## What to work on
Give back all of the data, word for word.

━━━━━━━━━━━━━━━━

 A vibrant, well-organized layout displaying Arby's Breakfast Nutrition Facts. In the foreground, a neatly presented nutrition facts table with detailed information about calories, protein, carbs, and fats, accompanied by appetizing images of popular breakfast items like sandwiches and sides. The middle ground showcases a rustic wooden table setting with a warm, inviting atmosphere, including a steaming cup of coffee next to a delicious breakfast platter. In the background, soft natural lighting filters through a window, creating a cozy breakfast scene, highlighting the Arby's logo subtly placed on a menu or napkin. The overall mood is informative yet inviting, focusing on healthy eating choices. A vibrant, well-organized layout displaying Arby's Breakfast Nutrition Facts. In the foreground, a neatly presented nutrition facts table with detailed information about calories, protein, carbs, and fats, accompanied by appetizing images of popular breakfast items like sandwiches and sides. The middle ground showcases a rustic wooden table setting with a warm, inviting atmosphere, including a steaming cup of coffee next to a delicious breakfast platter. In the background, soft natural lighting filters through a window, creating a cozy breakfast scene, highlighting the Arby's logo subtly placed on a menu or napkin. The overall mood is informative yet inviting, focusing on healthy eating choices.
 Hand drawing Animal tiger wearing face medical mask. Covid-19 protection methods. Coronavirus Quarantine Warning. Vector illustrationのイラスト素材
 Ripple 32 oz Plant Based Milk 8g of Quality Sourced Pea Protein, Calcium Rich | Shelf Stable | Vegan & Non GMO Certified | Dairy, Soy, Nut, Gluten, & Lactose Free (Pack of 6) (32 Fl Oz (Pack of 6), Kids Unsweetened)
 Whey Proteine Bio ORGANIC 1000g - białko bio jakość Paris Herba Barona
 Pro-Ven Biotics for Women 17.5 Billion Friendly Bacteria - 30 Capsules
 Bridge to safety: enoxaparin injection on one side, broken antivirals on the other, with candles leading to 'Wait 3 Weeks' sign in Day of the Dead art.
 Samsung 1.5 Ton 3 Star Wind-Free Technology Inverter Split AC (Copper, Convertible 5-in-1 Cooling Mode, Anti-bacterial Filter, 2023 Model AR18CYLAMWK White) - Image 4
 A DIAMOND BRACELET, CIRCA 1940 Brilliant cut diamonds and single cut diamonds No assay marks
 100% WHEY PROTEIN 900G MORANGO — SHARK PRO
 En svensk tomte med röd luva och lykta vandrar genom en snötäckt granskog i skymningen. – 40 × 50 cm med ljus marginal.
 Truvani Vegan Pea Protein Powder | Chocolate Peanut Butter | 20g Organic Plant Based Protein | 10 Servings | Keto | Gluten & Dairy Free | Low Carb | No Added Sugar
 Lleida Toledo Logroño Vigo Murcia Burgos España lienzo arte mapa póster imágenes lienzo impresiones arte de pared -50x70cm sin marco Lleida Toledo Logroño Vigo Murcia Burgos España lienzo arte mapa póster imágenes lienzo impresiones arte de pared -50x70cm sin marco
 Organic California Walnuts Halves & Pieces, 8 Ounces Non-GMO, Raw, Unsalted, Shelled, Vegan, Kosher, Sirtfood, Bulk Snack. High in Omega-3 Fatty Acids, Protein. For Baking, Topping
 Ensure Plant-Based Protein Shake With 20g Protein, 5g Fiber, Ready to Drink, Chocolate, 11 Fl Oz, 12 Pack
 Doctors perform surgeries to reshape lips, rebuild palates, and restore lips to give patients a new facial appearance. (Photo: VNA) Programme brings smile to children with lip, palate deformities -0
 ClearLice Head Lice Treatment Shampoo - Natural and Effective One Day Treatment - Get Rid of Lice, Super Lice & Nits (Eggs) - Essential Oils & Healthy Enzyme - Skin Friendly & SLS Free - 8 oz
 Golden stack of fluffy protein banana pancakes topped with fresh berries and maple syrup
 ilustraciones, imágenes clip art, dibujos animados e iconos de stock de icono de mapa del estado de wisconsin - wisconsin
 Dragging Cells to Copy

━━━━━━━━━━━━━━━━

## Exercise answer
 A vibrant, well-organized layout displaying Arby's Breakfast Nutrition Facts. In the foreground, a neatly presented nutrition facts table with detailed information about calories, protein, carbs, and fats, accompanied by appetizing images of popular breakfast items like sandwiches and sides. The middle ground showcases a rustic wooden table setting with a warm, inviting atmosphere, including a steaming cup of coffee next to a delicious breakfast platter. In the background, soft natural lighting filters through a window, creating a cozy breakfast scene, highlighting the Arby's logo subtly placed on a menu or napkin. The overall mood is informative yet inviting, focusing on healthy eating choices. A vibrant, well-organized layout displaying Arby's Breakfast Nutrition Facts. In the foreground, a neatly presented nutrition facts table with detailed information about calories, protein, carbs, and fats, accompanied by appetizing images of popular breakfast items like sandwiches and sides. The middle ground showcases a rustic wooden table setting with a warm, inviting atmosphere, including a steaming cup of coffee next to a delicious breakfast platter. In the background, soft natural lighting filters through a window, creating a cozy breakfast scene, highlighting the Arby's logo subtly placed on a menu or napkin. The overall mood is informative yet inviting, focusing on healthy eating choices.
 Hand drawing Animal tiger wearing face medical mask. Covid-19 protection methods. Coronavirus Quarantine Warning. Vector illustrationのイラスト素材
 Ripple 32 oz Plant Based Milk 8g of Quality Sourced Pea Protein, Calcium Rich | Shelf Stable | Vegan & Non GMO Certified | Dairy, Soy, Nut, Gluten, & Lactose Free (Pack of 6) (32 Fl Oz (Pack of 6), Kids Unsweetened)
 Whey Proteine Bio ORGANIC 1000g - białko bio jakość Paris Herba Barona
 Pro-Ven Biotics for Women 17.5 Billion Friendly Bacteria - 30 Capsules
 Bridge to safety: enoxaparin injection on one side, broken antivirals on the other, with candles leading to 'Wait 3 Weeks' sign in Day of the Dead art.
 Samsung 1.5 Ton 3 Star Wind-Free Technology Inverter Split AC (Copper, Convertible 5-in-1 Cooling Mode, Anti-bacterial Filter, 2023 Model AR18CYLAMWK White) - Image 4
 A DIAMOND BRACELET, CIRCA 1940 Brilliant cut diamonds and single cut diamonds No assay marks
 100% WHEY PROTEIN 900G MORANGO — SHARK PRO
 En svensk tomte med röd luva och lykta vandrar genom en snötäckt granskog i skymningen. – 40 × 50 cm med ljus marginal.
 Truvani Vegan Pea Protein Powder | Chocolate Peanut Butter | 20g Organic Plant Based Protein | 10 Servings | Keto | Gluten & Dairy Free | Low Carb | No Added Sugar
 Lleida Toledo Logroño Vigo Murcia Burgos España lienzo arte mapa póster imágenes lienzo impresiones arte de pared -50x70cm sin marco Lleida Toledo Logroño Vigo Murcia Burgos España lienzo arte mapa póster imágenes lienzo impresiones arte de pared -50x70cm sin marco
 Organic California Walnuts Halves & Pieces, 8 Ounces Non-GMO, Raw, Unsalted, Shelled, Vegan, Kosher, Sirtfood, Bulk Snack. High in Omega-3 Fatty Acids, Protein. For Baking, Topping
 Ensure Plant-Based Protein Shake With 20g Protein, 5g Fiber, Ready to Drink, Chocolate, 11 Fl Oz, 12 Pack
 Doctors perform surgeries to reshape lips, rebuild palates, and restore lips to give patients a new facial appearance. (Photo: VNA) Programme brings smile to children with lip, palate deformities -0
 ClearLice Head Lice Treatment Shampoo - Natural and Effective One Day Treatment - Get Rid of Lice, Super Lice & Nits (Eggs) - Essential Oils & Healthy Enzyme - Skin Friendly & SLS Free - 8 oz
 Golden stack of fluffy protein banana pancakes topped with fresh berries and maple syrup
 ilustraciones, imágenes clip art, dibujos animados e iconos de stock de icono de mapa del estado de wisconsin - wisconsin
 Dragging Cells to Copy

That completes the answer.